= Heinrich von Herford =

Heinrich von Herford (also Heinrich von Hervord, Henricus de Hervordia), anglicized as Henry of Herford (c. 1300 – 9 October 1370), was a Dominican friar, chronicler, historian, and theologian.

==Biography==
Born around 1300 in Herford, Westphalia, then part of the Holy Roman Empire, Heinrich probably attended the Latin school of the Imperial Abbey, today the Friedrichs-Gymnasium Herford. He was then professed in into the Dominican friary at Minden. There he wrote his chronicle Liber de rebus memorabilioribus (A Book of Memorable Things), in which he summarizes the work of earlier historians from Eusebius down to the writers of his own age.

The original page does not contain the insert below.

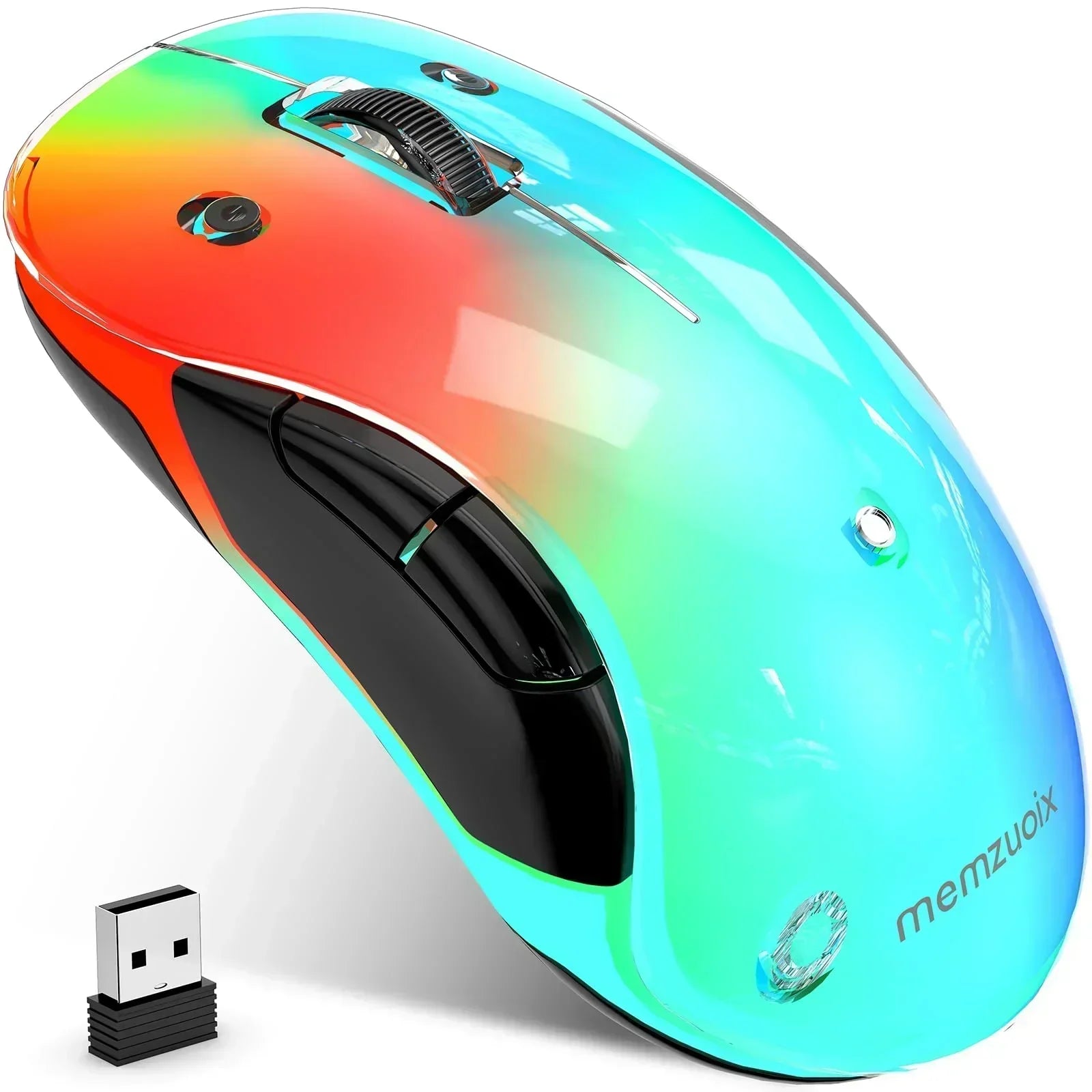 Wireless gaming mouse with RGB gradient colors and USB receiver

The work, which is continued down to the coronation of the Emperor Charles IV in 1355, was one of the chief sources of historical information in fourteenth-century literature. It was reprinted under the editorship of August Potthast in Göttingen in 1859. He also composed the Catena aurea in decem partes distincta, a summary of theology, and a treatise, De Conceptione Virginis gloriosae.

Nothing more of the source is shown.